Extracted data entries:
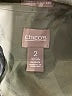 Chico's Green 3/4 Sleeve Button-Down Shirt Size Lg (2) - photo 7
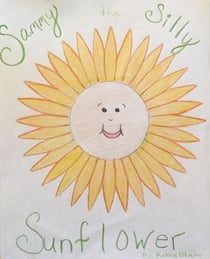 Sammy the Silly Sunflower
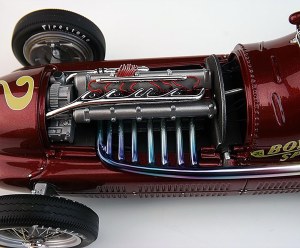 1939 Indianapolis 500 winner, Wilber Shaw, Maserati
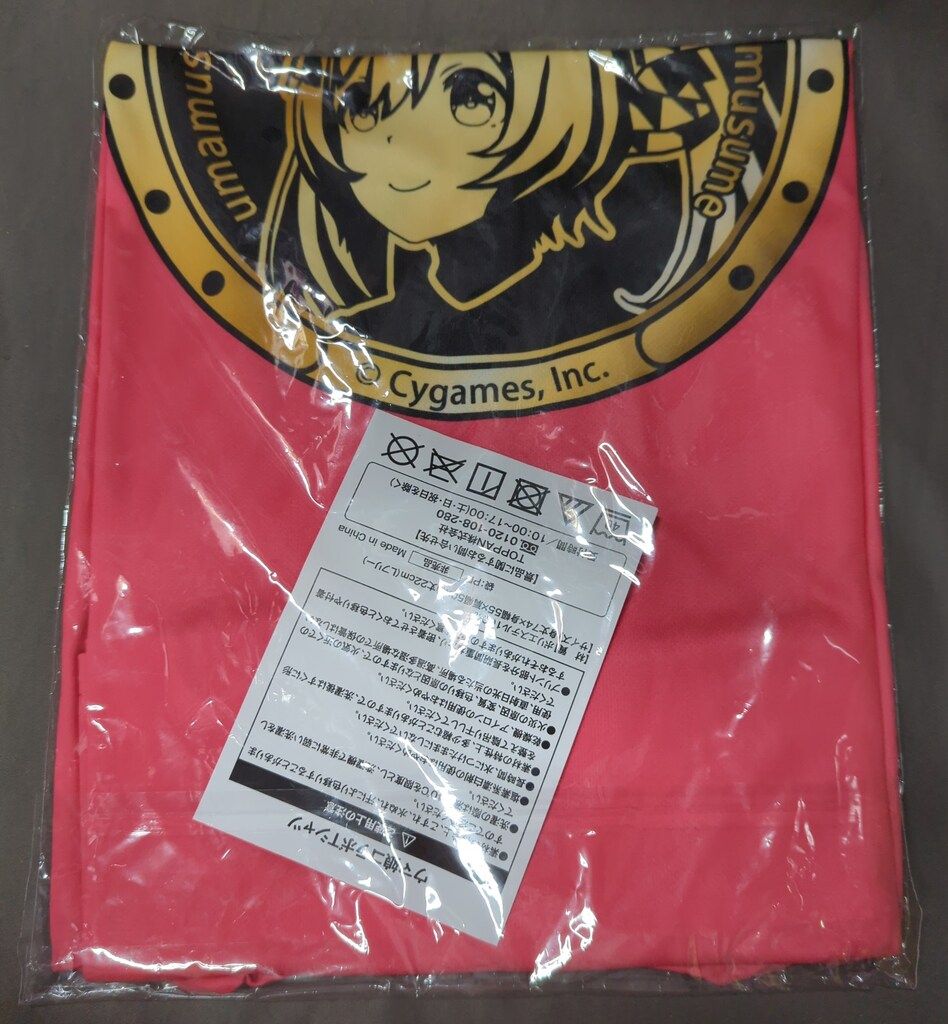 SUNTORY オリジナルTシャツ BOSS×ウマ娘 スマートファルコン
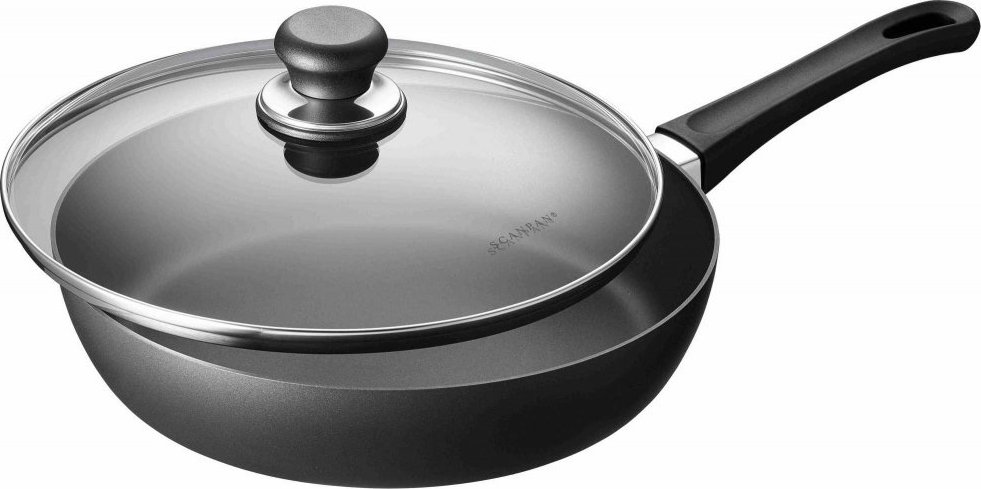 Hluboká pánev 24 cm s víkem CLASSIC INDUCTION - Scanpan - Doprava zdarma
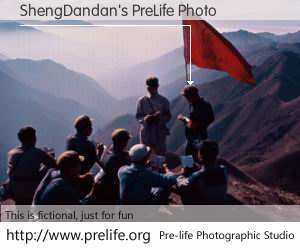 ShengDandan's PreLife Photo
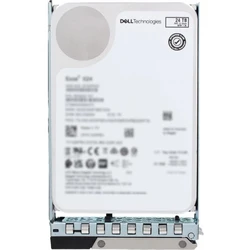Серверный жесткий диск Dell 24TB Hard Drive SAS 12Gbps 7.2K 512e 3.5in Hot-Plug, AG Drive 161-BCNJ HDD, 3,5 LFF, 24 ТБ, SAS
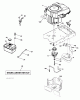 Husqvarna CTH 174 (96051002801) - Lawn Tractor (2012-06 & After) Ersatzteile ENGINE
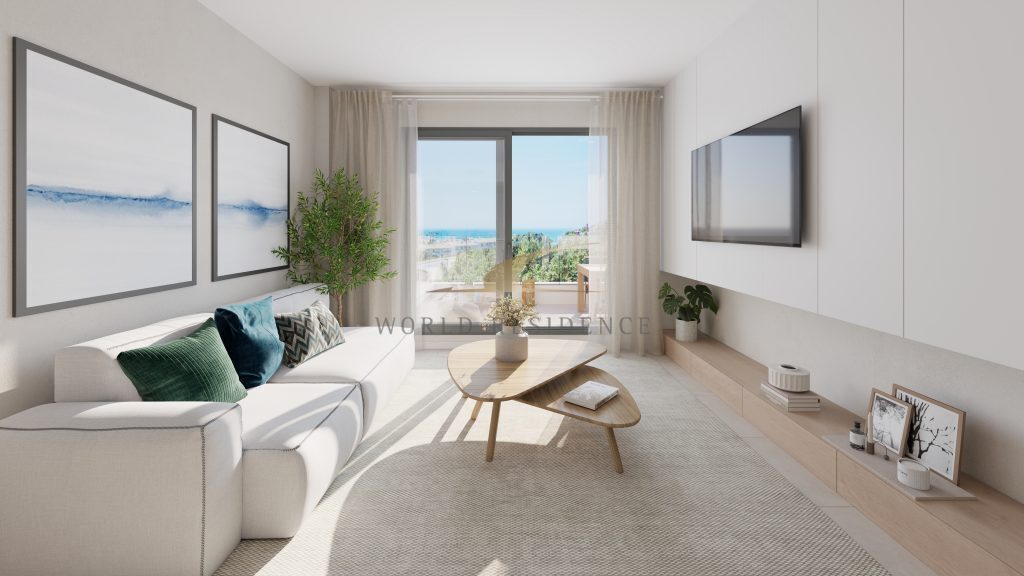 Apartamenty z widokiem na morze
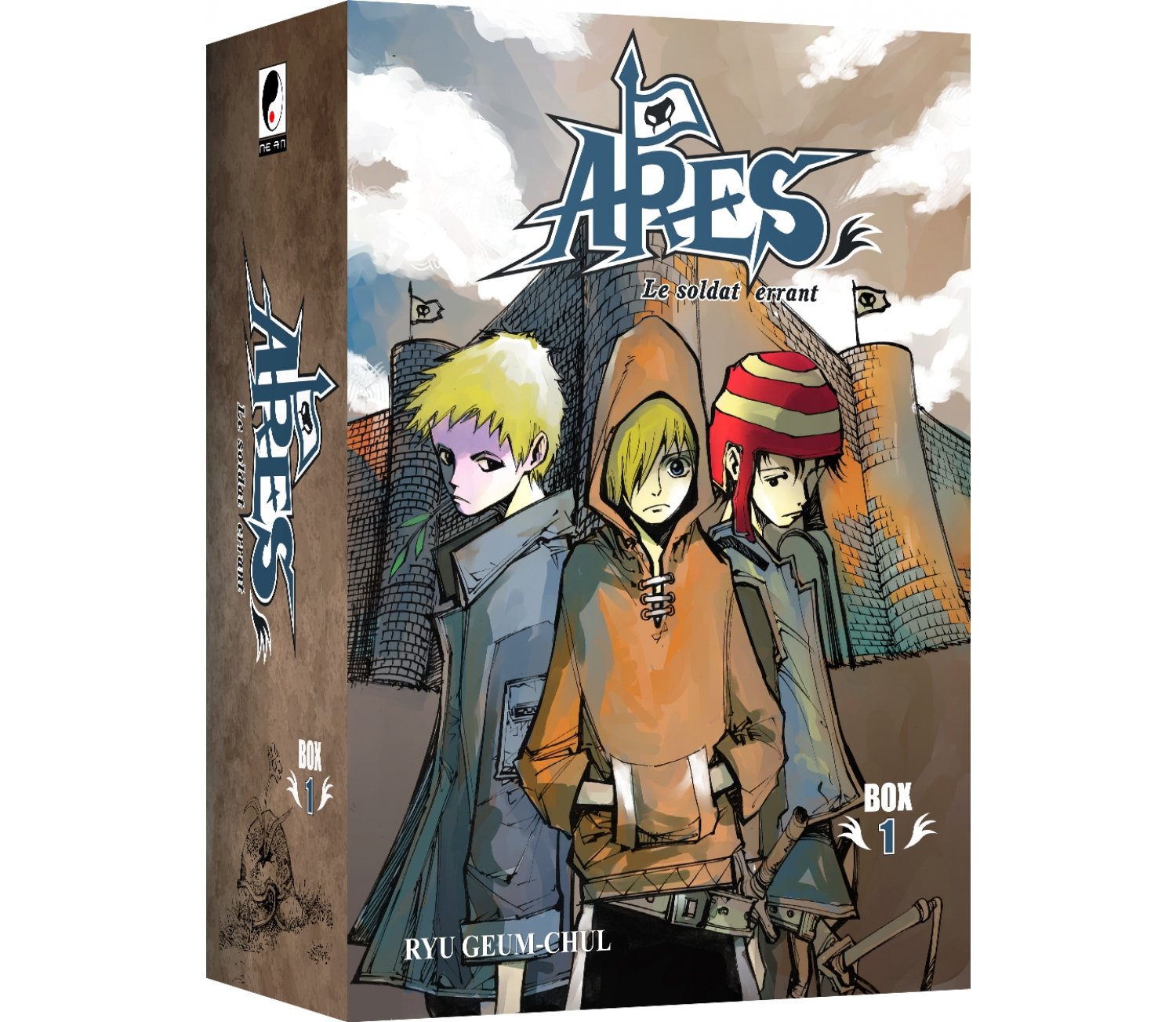 Ares : Le soldat errant - Partie 1 (Tomes 01 à 10) - Coffret 10 Mangas Collector limité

[ACTIVITY]: In the entries above, find the line that contains "1939 Indianapolis 500" and the line that contains "Apartamenty z widokiem na morze". Reproduce exactly those two lines and every line between them, but not the pictures.

[WRITTEN ANSWER]:
 1939 Indianapolis 500 winner, Wilber Shaw, Maserati
 SUNTORY オリジナルTシャツ BOSS×ウマ娘 スマートファルコン
 Hluboká pánev 24 cm s víkem CLASSIC INDUCTION - Scanpan - Doprava zdarma
 ShengDandan's PreLife Photo
Серверный жесткий диск Dell 24TB Hard Drive SAS 12Gbps 7.2K 512e 3.5in Hot-Plug, AG Drive 161-BCNJ HDD, 3,5 LFF, 24 ТБ, SAS
 Husqvarna CTH 174 (96051002801) - Lawn Tractor (2012-06 & After) Ersatzteile ENGINE
 Apartamenty z widokiem na morze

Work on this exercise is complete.